Cojones meant the ability to catch big fish and shoot tigers. It ought to have meant the ability to make love satisfactorily. Of Hemingway’s amorous life we know little, but we can guess that he lacked the skills, and even the appetites of Casanova. At school he chased balls – on the football field, in the water-polo pool – and did not chase girls. He was meant for outdoor, not indoor, games. This is always the way. The greatest sexual potency is to be found among timid poets, not big-chested football-players. But Hemingway, turning himself into a Hemingway hero, ought to have been a great lover. He was not. There is an interesting passage in his posthumous novel, Islands in the Stream, where the ageing weary hero dreams of making love with a gun. The gun was, as so often, a substitute for a phallus.
This is one of the possible reasons for Hemingway’s end – disgust with a failing body that, at its best, had only given him the secondary pleasures of sport and drink, not the primary pleasure of sexual vigour or tenderness. But there are other reasons, and here we have to invoke that great explicatrix, Unreason. Unreason tells us that a man is put into the world to perform a function. An artist is born to do something for art that no artist has ever done before. Hemingway did the unique thing he was called on to do, and he did it early. In his first novel, Fiesta, he presented a mode of writing that had not been seen before. It was a prose style that belonged to the twentieth century and did not look back nostalgically – as did the styles of so many novelists – to an Age of Reason or an Age of Feeling. Hemingway’s style was exactly fitted to expressing the life of the nerves and the muscles: it by-passed the brain and the heart. When he had shown that such a style was possible, a whole generation of writers was quick to learn it. But Hemingway himself had learnt it with pain and difficulty, slowly and in poverty. When he had given this style to the world, and with it the tough Hemingway hero – all trigger-finger and no cerebrum – his function in the world was finished. His life could consist only in repeating or imitating himself. He did this, but he also yielded to the great American public’s desire that he shout enact in life what his characters enacted in print. He did his best, but he reckoned without nature’s sad logic – the existence of time and decay, the fragility of the kidneys and livers, the terrible truth that living is never as satisfactory as creating. When an artist ceases to create, he is a tree that must be felled to make way for younger trees.
If Hemingway had been a European writer, he would have been content to let his characters do his strenuous living for him. But he was an American, and Americans have a dim sense of the boundary between what can be done and what cannot be done. Hemingway the creator submitted to the fallacy that the creator must be greater than his creations. It is, of course, a very blasphemous fallacy.

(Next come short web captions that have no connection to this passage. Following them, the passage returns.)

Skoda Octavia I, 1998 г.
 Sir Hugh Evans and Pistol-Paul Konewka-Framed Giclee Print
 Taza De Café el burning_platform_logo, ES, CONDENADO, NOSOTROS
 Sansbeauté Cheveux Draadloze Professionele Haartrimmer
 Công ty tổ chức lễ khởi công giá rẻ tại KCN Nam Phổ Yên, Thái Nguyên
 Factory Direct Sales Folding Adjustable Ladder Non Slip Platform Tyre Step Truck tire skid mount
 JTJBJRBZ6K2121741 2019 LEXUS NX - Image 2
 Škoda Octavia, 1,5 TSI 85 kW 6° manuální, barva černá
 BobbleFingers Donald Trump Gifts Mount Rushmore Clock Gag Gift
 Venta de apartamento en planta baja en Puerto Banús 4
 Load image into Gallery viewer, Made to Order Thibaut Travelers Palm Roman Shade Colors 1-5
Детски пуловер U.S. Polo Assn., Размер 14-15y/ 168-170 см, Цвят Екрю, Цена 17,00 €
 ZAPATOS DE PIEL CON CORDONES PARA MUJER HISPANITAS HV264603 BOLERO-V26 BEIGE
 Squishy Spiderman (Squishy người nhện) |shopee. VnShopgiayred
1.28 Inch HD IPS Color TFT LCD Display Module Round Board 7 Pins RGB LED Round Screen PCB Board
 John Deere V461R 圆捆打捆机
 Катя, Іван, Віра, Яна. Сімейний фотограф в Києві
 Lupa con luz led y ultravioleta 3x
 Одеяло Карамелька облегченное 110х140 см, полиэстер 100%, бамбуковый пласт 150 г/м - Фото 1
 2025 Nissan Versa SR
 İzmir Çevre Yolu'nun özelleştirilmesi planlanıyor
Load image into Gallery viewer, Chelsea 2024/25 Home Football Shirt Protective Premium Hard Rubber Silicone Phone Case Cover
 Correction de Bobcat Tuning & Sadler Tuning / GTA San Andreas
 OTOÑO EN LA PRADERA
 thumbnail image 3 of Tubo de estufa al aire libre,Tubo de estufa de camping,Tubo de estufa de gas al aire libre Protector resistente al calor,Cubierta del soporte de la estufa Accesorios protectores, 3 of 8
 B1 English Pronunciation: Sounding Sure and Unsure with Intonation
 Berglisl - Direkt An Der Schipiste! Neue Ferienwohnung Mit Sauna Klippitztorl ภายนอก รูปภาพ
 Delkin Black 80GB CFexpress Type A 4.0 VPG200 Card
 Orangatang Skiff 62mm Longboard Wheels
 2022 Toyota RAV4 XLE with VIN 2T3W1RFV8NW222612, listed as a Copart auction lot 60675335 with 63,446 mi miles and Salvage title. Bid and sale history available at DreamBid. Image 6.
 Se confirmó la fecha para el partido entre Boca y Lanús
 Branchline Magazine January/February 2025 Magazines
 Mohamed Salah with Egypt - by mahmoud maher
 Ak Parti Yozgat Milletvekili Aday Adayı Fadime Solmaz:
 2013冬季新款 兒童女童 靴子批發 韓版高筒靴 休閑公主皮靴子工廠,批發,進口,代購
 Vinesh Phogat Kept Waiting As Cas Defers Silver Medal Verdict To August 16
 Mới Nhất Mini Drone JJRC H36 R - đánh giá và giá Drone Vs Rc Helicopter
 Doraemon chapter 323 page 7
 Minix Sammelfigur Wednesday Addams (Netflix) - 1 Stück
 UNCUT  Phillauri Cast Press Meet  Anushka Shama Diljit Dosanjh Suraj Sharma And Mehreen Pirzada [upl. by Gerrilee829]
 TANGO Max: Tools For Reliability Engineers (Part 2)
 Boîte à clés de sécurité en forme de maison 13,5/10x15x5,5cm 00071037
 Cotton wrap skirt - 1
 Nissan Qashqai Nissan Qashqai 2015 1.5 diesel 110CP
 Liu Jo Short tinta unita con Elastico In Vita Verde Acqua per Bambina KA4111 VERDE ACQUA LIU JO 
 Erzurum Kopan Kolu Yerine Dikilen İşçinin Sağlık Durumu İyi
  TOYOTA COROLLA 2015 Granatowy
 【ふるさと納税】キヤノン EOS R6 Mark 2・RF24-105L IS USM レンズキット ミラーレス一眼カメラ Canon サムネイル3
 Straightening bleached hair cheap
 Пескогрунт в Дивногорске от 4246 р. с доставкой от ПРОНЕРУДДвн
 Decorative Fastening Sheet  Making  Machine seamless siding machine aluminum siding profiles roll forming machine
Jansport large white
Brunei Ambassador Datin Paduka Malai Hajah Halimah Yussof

I had all this in my mind as I walked over the frozen grass of Ketchum, Idaho, to the camera and the microphone. But all I could say was: ‘The worst failure is always success. When you reach the plateau of achievement, you have arrived. You cannot move any more. You are paralysed. Paralysis is death. Hemingway was dead while he was still alive. That suicide was a mere act of confirmation.’ That’s what the great public wants to hear. How can you explain to the great public that one of the most important things in the world is to invent a new way of saying things? But nobody cares about style, language, the power of the word. They prefer to hear about failure really being success, about a great writer killing himself at the early age (my age) of 62.